Provided records:

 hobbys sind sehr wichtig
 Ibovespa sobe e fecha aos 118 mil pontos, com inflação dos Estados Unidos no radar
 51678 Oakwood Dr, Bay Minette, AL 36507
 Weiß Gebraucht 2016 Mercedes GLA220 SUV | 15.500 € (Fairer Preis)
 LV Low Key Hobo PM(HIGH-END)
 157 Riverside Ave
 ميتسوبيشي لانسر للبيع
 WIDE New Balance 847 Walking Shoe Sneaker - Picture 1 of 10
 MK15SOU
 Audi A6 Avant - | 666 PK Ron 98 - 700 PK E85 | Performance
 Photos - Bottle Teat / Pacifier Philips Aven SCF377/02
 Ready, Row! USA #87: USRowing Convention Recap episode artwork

...

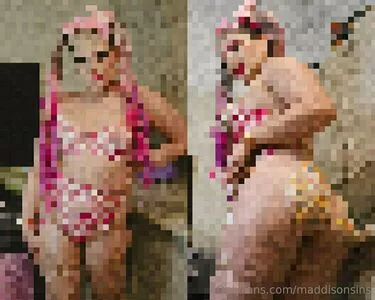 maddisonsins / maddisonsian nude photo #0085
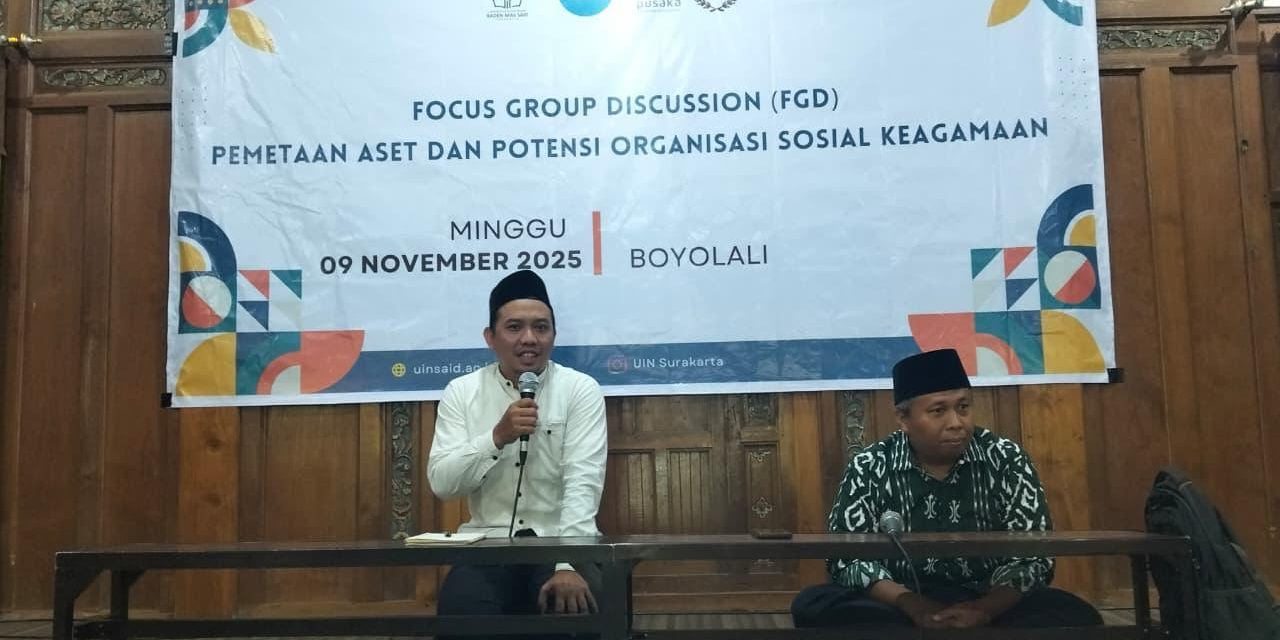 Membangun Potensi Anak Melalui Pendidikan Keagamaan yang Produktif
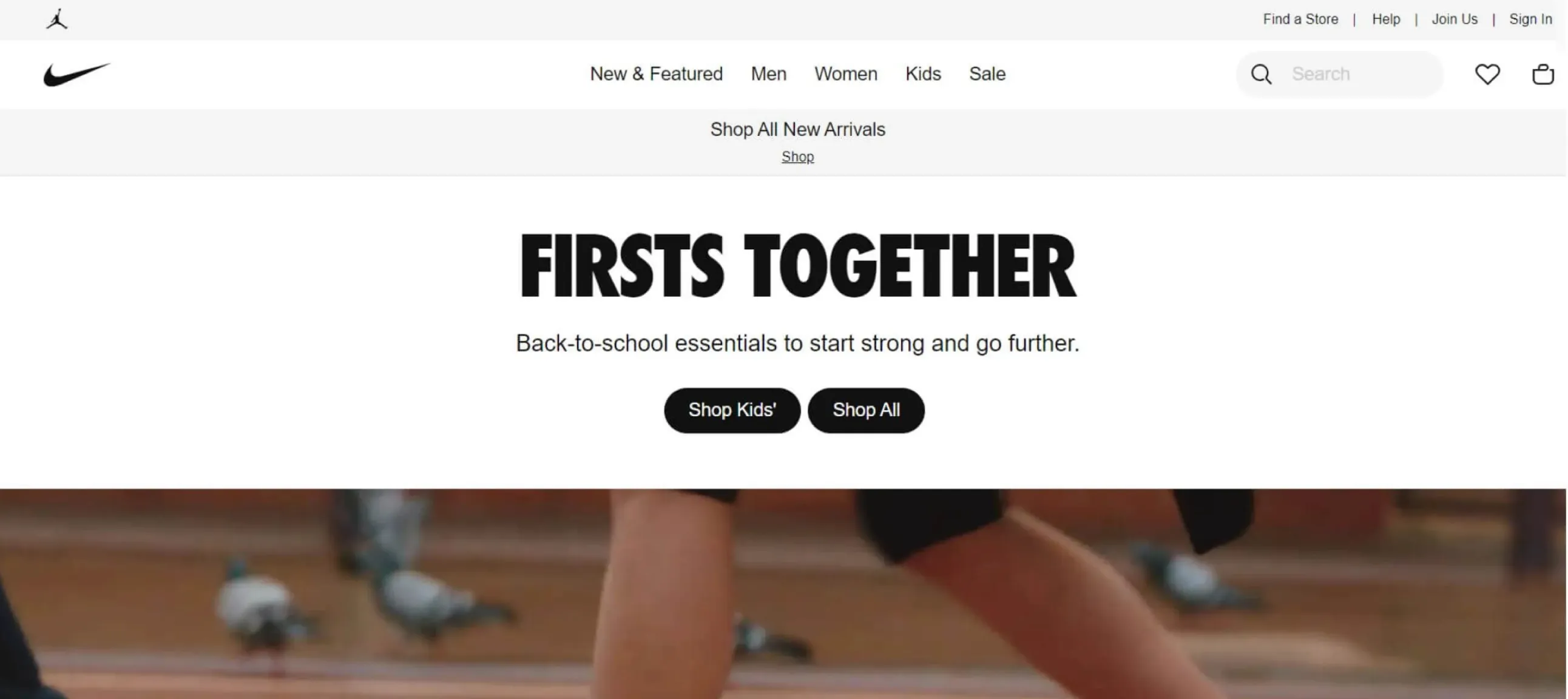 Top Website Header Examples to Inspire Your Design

About this task:
Look above for the line that contains "51678 Oakwood Dr, Bay Minette, AL 36507". Starting there, transcribe every line exactly until you have copied the line that contains "Ready, Row! USA".

Output of the exercise:
 51678 Oakwood Dr, Bay Minette, AL 36507
 Weiß Gebraucht 2016 Mercedes GLA220 SUV | 15.500 € (Fairer Preis)
 LV Low Key Hobo PM(HIGH-END)
 157 Riverside Ave
 ميتسوبيشي لانسر للبيع
 WIDE New Balance 847 Walking Shoe Sneaker - Picture 1 of 10
 MK15SOU
 Audi A6 Avant - | 666 PK Ron 98 - 700 PK E85 | Performance
 Photos - Bottle Teat / Pacifier Philips Aven SCF377/02
 Ready, Row! USA #87: USRowing Convention Recap episode artwork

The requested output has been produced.